C’est ça qui me manque dans les passes d’armes actuelles : une fois de plus, c’est comme si aucune place n'était faite à la contradiction interne, naturelle. Comme si elle n’était pas dans la nature humaine. Je vis, autour du breton, des choses tristes et gaies, belles et moches, des choses qui sonnent le creux et d’autres qui regorgent de richesse. Et le nœud de l’affaire, c’est que je ne peux pas prévoir à l’avance où seront les unes et les autres. C’est cela qui me fait continuer – cela, et mon amour pour ces histoires, ces mots, ces sons, ces tournures (même si je n’en possède pas la moitié de ce que je voudrais), mon admiration et ma tendresse pour les personnes qui les ont portées jusqu’à nous, mon désir que le plus possible de gens puissent les comprendre et les faire circuler demain. L’avenir n’est pas rose, mais je ne vois pas de raison d’arrêter d’essayer de partager ce que j’aime – même si « partager ce que j’aime » peut parfois signifier être en opposition à certains défenseurs du breton. Et même si j’irai à ma tombe (tiens, un anglicisme !) en soutenant que parler une langue ou connaître une culture ne donne aucun devoir de les défendre, pas même de les pratiquer. Partager ce que j’aime, tant que je suis là… Ce qui se passera ensuite n’est pas de mon ressort.

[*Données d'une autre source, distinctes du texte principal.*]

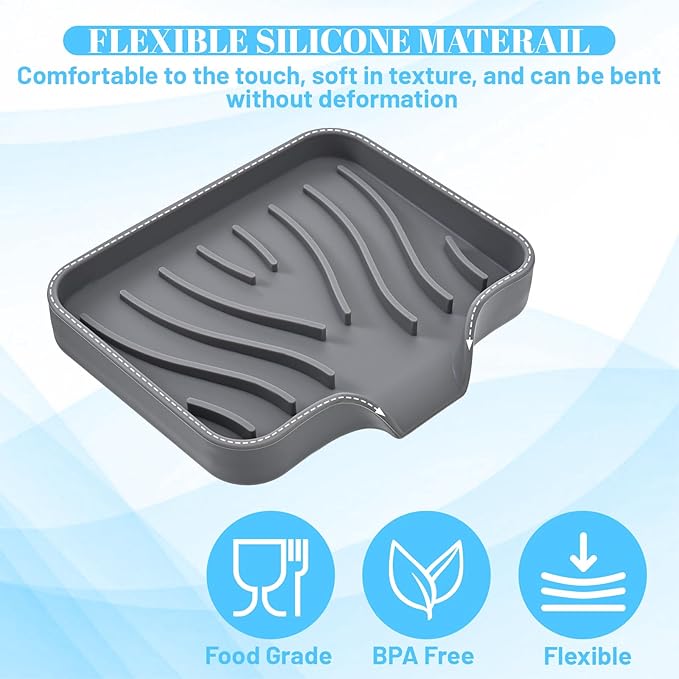Grevosea Kitchen Sink Sponge Holder, Silicone Dish Sponge Holder with Drain Spout Soap Dish Tray for Shower Bathroom Scrubbers Kitchen Sink Organizer Accessories (Grey, 4.9x3.9 Inch)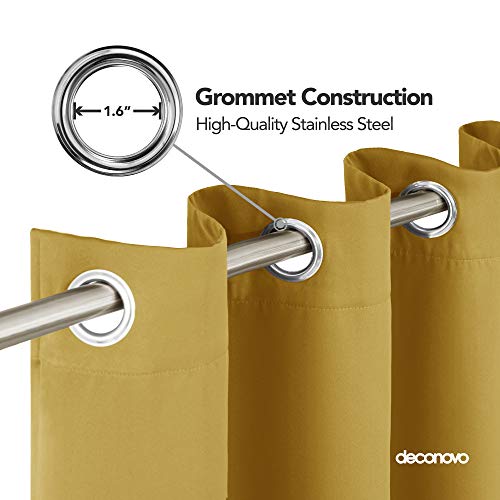 Image of Deconovo Blackout Curtain Darkening Bedroom or Living Room Grommet Thermal Insulated Lighting Reduce Drape, 52 x 63 in-1 Panel, Turmeric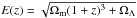 \hbox{$E(z) = \sqrt{\Omega_{\rm m}(1+z)^3+\Omega_{\Lambda}}$}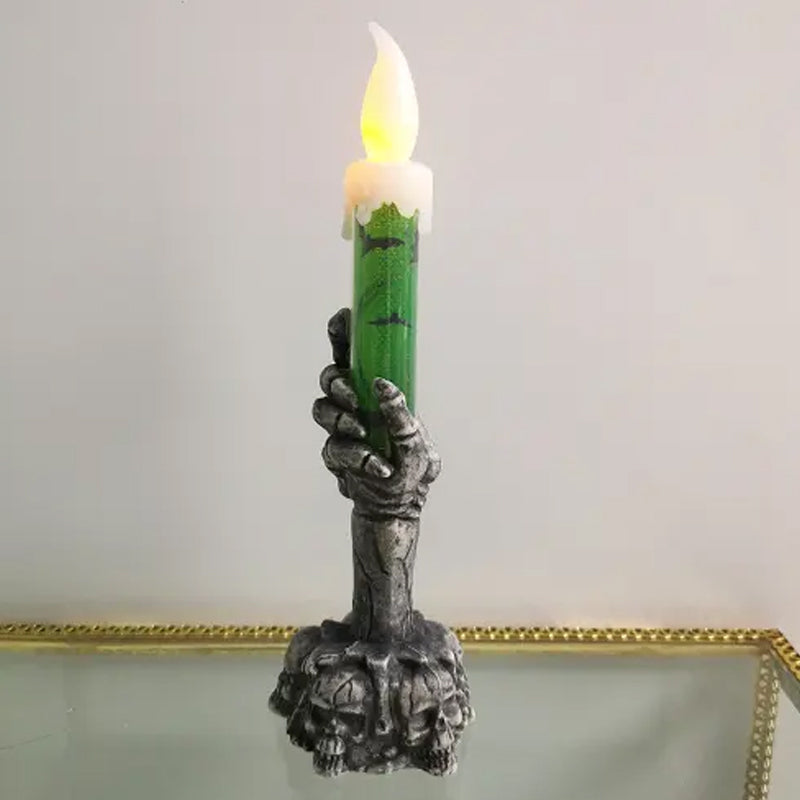 Halloween Skeleton ghost holding candle light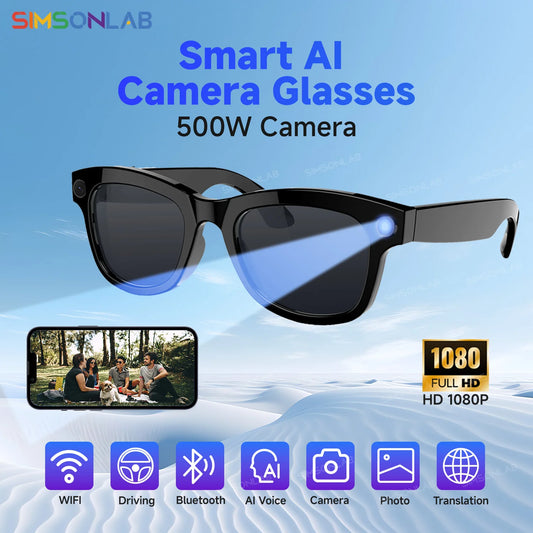 " BUY NOW"
AI Smart Glasses Camera Function 1080P High Definition Pixel Polarized Lenses Photo Video Meetings Video Recorder For Men Women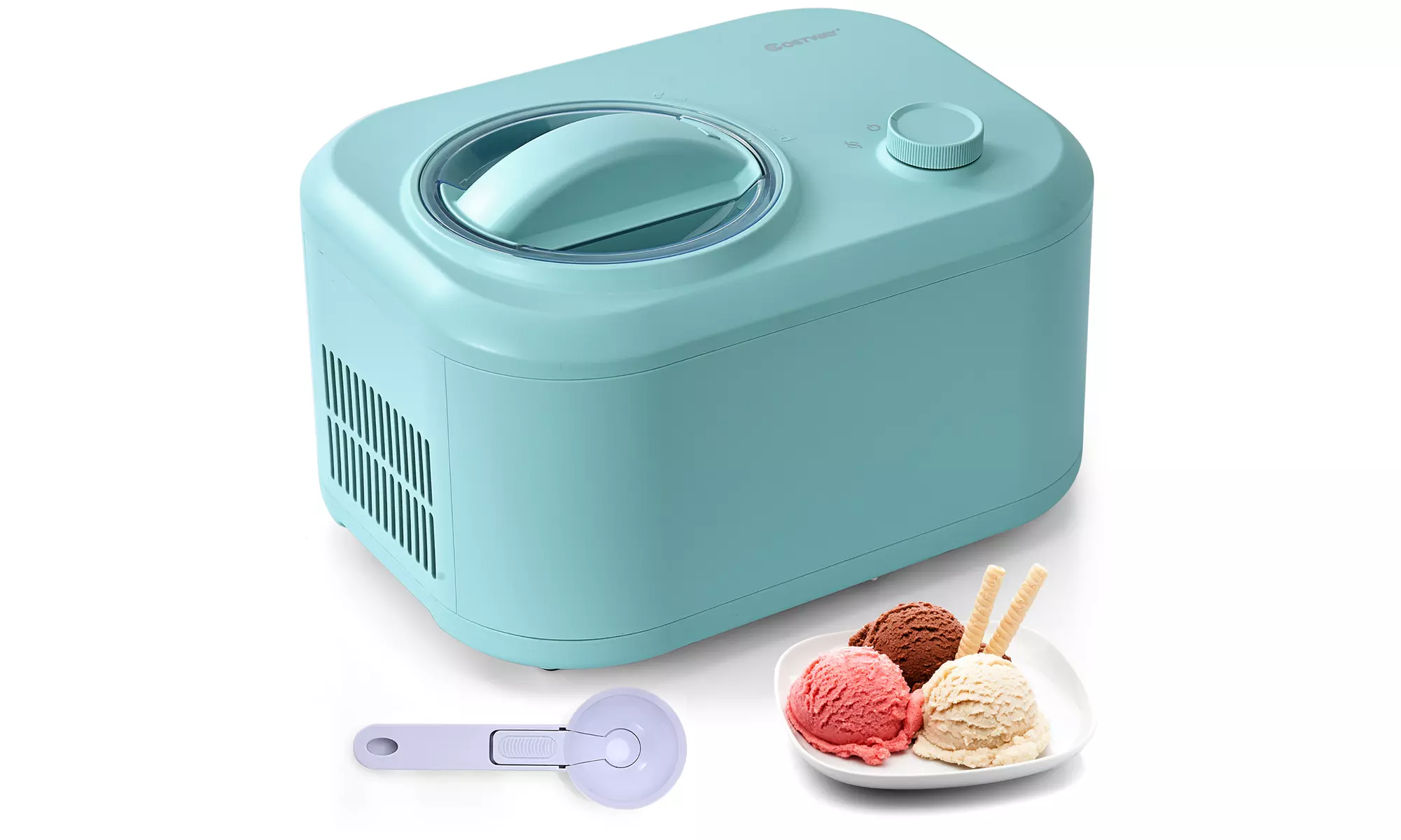 Costway Ice Cream Maker 1.1 QT Automatic Frozen Dessert Machine w/ Spoon - Primary Image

Parler deux langues sur un même territoire est en soi une contradiction. Il n’y a tout simplement aucune solution pour que ce ne le soit pas. J’entends s’écharper les gens autour de moi comme s’il fallait absolument que cela cesse de l’être, d’une façon ou d’une autre, tu pe du, comme si notre vie de bretonnants ne consistait pas, au contraire, à ressentir les plaisirs et les douleurs du paradoxe ; à essayer de le démêler là où il nous mène à l’absurdité, et à continuer à le vivre là où il est vivable et fécond – parce que bien souvent il l'est. Le problème ne serait-il pas que nous demandons trop souvent au breton d’être une solution à quelque chose dans nos vies qui n’est pas de son ressort, que nous attendons de lui qu’il simplifie les choses, quand dans notre monde il ne peut que complexifier ? (Soit dit en passant, je salue André Markowicz qui a, avec son courage habituel, essayé d’exposer posément, sur son fil Facebook, un point de vue parfaitement légitime, en partie partagé par beaucoup d’entre nous, et en partie né de son expérience individuelle, respectable en tant que telle. La violence de certaines réactions à son texte fait partie des choses dont j’ignore si le plus désespérant est que globalement elles ne me surprennent pas, ou qu’au contraire certaines parviennent encore à me faire lever le sourcil… Je l’ai déjà dit, je le réitère : on peut être en désaccord avec ce que disent André Markowicz et Françoise Morvan, moi-même cela m’arrive régulièrement, y compris sur certains points du texte en question ! Mais la violence avec laquelle certaines voix clament que ces deux auteurs n’ont pas le droit de s’exprimer est le signe même qu’ils n’ont pas tort… et la raison première de mon propre soutien de longue date.)
Voilà. Voilà les seules choses que j’aie le temps d’effleurer. Voilà pourquoi je n’ai pas eu envie d’afficher quoi que ce soit sur le maigre judas de ma page Facebook, ni dans le dialogue de sourds des commentaires. (Et oui, bien sûr, écrire ici est aussi ajouter une voix sans oreilles au bruit ambiant ! Mais au moins de façon consciente, et en prenant un temps que les réseaux sociaux n’offrent pas.)
Si, peut-être une dernière chose encore : je suis souvent frappée de la façon dont notre point de vue sur la langue et la culture bretonne sont influencés par le point où nous en sommes dans notre vie – où nous nous sentons dans le cours des générations, quelle expérience nous avons de la disparition des mondes. (Il y a aussi de grandes divergences jamais analysées entre l’angle de vue des clampins doués pour les langues, comme votre servante – en réalité, mes journées se passent en trois langues, voire plus les jours de festin –, et celui de ceux pour qui l’apprentissage ou le développement du breton représente un effort sans équivalent.) Là aussi, il y a un aspect de la simple vie humaine, dont le poids sur nos ressentis respectifs n’est pratiquement jamais pris en compte. Là aussi, il y aurait de grandes et longues discussions à avoir, en chair et en os, et avec la plus grande bienveillance pour la perspective d’autrui. Nous en avons, de ces discussions à cœur ouvert, entre chanteurs, et elles font un bien fou. Serait-il possible d’en organiser à une échelle plus vaste ? Que je n’en sois pas sûre est peut-être la phrase la plus triste de tout ce texte.